From owner-freebsd-hackers@FreeBSD.ORG  Sat Jul 10 15:31:27 2010
Return-Path: <owner-freebsd-hackers@FreeBSD.ORG>
Delivered-To: hackers@freebsd.org
Received: from mx1.freebsd.org (mx1.freebsd.org [IPv6:2001:4f8:fff6::34])
	by hub.freebsd.org (Postfix) with ESMTP id 8A73C106566C
	for <hackers@freebsd.org>; Sat, 10 Jul 2010 15:31:27 +0000 (UTC)
	(envelope-from babkin@verizon.net)
Received: from vms173019pub.verizon.net (vms173019pub.verizon.net
	[206.46.173.19])
	by mx1.freebsd.org (Postfix) with ESMTP id 6EADA8FC14
	for <hackers@freebsd.org>; Sat, 10 Jul 2010 15:31:27 +0000 (UTC)
Received: from verizon.net ([unknown] [173.54.27.21])
	by vms173019.mailsrvcs.net
	(Sun Java(tm) System Messaging Server 7u2-7.02 32bit (built Apr 16
	2009)) with ESMTPA id <0L5C00LMNLS1B4VX@vms173019.mailsrvcs.net> for
	hackers@freebsd.org; Sat, 10 Jul 2010 10:31:16 -0500 (CDT)
Sender: root
Message-id: <4C386208.291D2FB5@verizon.net>
Date: Sat, 10 Jul 2010 08:05:29 -0400
From: Sergey Babkin <babkin@verizon.net>
X-Mailer: Mozilla 4.7 [en] (X11; U; FreeBSD 4.7-RELEASE i386)
X-Accept-Language: en, ru
MIME-version: 1.0
To: hackers@freebsd.org
Content-type: text/plain; charset=us-ascii
Content-transfer-encoding: 7bit
X-Mailman-Approved-At: Mon, 12 Jul 2010 11:07:51 +0000
Cc: 
Subject: TCP over UDP
X-BeenThere: freebsd-hackers@freebsd.org
X-Mailman-Version: 2.1.5
Precedence: list
List-Id: Technical Discussions relating to FreeBSD
	<freebsd-hackers.freebsd.org>
List-Unsubscribe: <http://lists.freebsd.org/mailman/listinfo/freebsd-hackers>, 
	<mailto:freebsd-hackers-request@freebsd.org?subject=unsubscribe>
List-Archive: <http://lists.freebsd.org/pipermail/freebsd-hackers>
List-Post: <mailto:freebsd-hackers@freebsd.org>
List-Help: <mailto:freebsd-hackers-request@freebsd.org?subject=help>
List-Subscribe: <http://lists.freebsd.org/mailman/listinfo/freebsd-hackers>,
	<mailto:freebsd-hackers-request@freebsd.org?subject=subscribe>
X-List-Received-Date: Sat, 10 Jul 2010 15:31:27 -0000

Hi guys,

I've got this idea, and I wonder if anyone has done it already,
and if not then why. The idea is to put the TCP logic over UDP.

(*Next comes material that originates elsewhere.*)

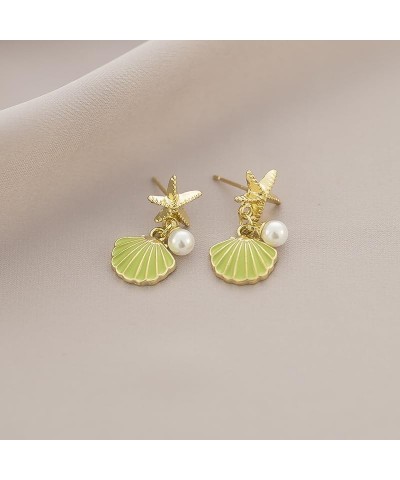 Green Shells Alloy Earrings for Women Girls, Hypoallergenic Earrings for Women, 1.2 * 2.5cm $9.49 Earrings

I've done some googling and all I've found is some academical
user-space implementations of TCP that actually try to interoperate
with "real" TCP. What I'm thinking about is different. It's
to use the TCP-derived logic as a portable library that would
do the good flow control, retransmitting, delivery confirmations 
etc over UDP.

Basically, every time you use UDP, you've got to reinvent your
own retransmission and reliability protocol. And these protocols
are typically no good at all, as the story with NFS switching
from UDP to TCP and improving the performance shows. At the same
time TCP provides a very good transport control logic, so why not
just reuse this logic in a library to solve the UDP issues once
and for all?

Then of course, why not just use TCP? The problem of TCP is that
it's expensive. It uses the kernel memory for its contexts.
It also requires a file descriptor per each connection. The file
descriptors are an expensive resource, and besides, even if
the limit is raised, there is the issue with historic select()
fd_set allocating only 1024 bits and nobody checking for the
overflow. Even if your own code is carefully designed to avoid using
select() at all and/or create large enough bitmasks, it could
always happen to use some stupid library that doesn't do that 
and causes the interesting one-bit memory corruptions.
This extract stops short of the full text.